1.3.2 Including Prior Expectations in the Model

  • In the example above, we used the spike-and-slab prior as a way to select variables and promote sparsity. However, we can also use this framework to impose prior beliefs on the model. These prior beliefs could come from an outside study or a previous version of the model.

  • In the bsts package, this is done by passing a prior object as created by the SpikeSlabPrior function. In this example we are specifying a prior of 0.6 on the variable called unemployment.office and forcing this variable to be selected by setting its prior spike parameter to 1. We’re giving our priors a weight of 200 (measured in observation count), which is fairly large given that the dataset has 456 records. Hence we should expect the posterior to be very close to 0.6.

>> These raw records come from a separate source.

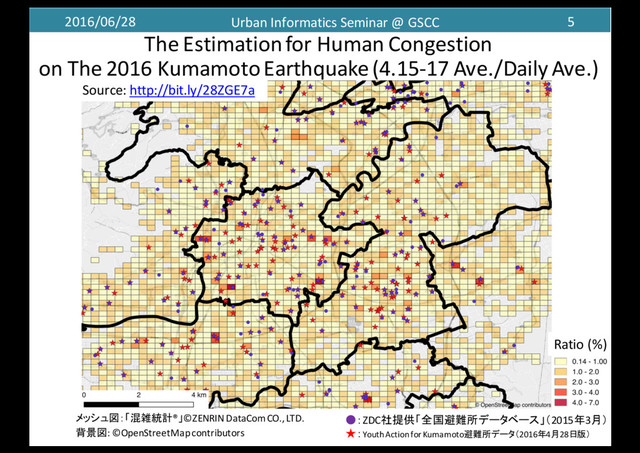 2016/06/28 Urban	  Informatics	  Seminar	  @	  GSCC 5
The	  Estimation	  for	  Human	  Congestion	  
on	  The	  2016	  Kumamoto	  Earthquake	  (4.15-­‐17	  Ave./Daily	  Ave.)
●：ZDC社提供「全国避難所データベース」（2015年3月）
★：Youth	  Action	  for	  Kumamoto避難所データ（2016年4月28日版）
メッシュ図：「混雑統計®」©ZENRIN	  DataComCO.,	  LTD.
背景図:	  ©OpenStreetMapcontributors
Ratio	  (%)
Source:	  http://bit.ly/28ZGE7a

prior.spikes <- c(0.1,0.1,0.1,0.1,0.1,0.1,0.1,0.1,0.1,1,0.1)
prior.mean <- c(0,0,0,0,0,0,0,0,0,0.6,0)

### Set up the priors
prior <- SpikeSlabPrior(x=model.matrix(iclaimsNSA ~ ., data=initial.claims), 
                        y=initial.claims$iclaimsNSA, 
                        prior.information.weight = 200,
                        prior.inclusion.probabilities = prior.spikes,
                        optional.coefficient.estimate = prior.mean)
                        
### Run the bsts model with the specified priors
ss <- AddLocalLinearTrend(list(), initial.claims$iclaimsNSA)
ss <- AddSeasonal(ss, initial.claims$iclaimsNSA, nseasons = 52)
bsts.reg.priors <- bsts(iclaimsNSA ~ ., state.specification = ss, 
                        data = initial.claims, 
                        niter = 500, 
                        prior=prior, 
                        ping=0, seed=2016)

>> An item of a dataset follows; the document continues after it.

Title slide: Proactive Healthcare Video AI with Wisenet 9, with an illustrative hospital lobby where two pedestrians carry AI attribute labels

### Get the average coefficients when variables were selected (non-zero slopes)
coeff <- data.frame(melt(apply(bsts.reg.priors$coefficients[-(1:burn),], 2, PositiveMean)))
coeff$Variable <- as.character(row.names(coeff))
ggplot(data=coeff, aes(x=Variable, y=value)) + 
  geom_bar(stat="identity", position="identity") + 
  theme(axis.text.x=element_text(angle = -90, hjust = 0)) + 
  xlab("") + ylab("")

  • As we can see, the posterior for unemployment.office is being forced towards 0.6 due to the strong prior belief that we imposed on the coefficient.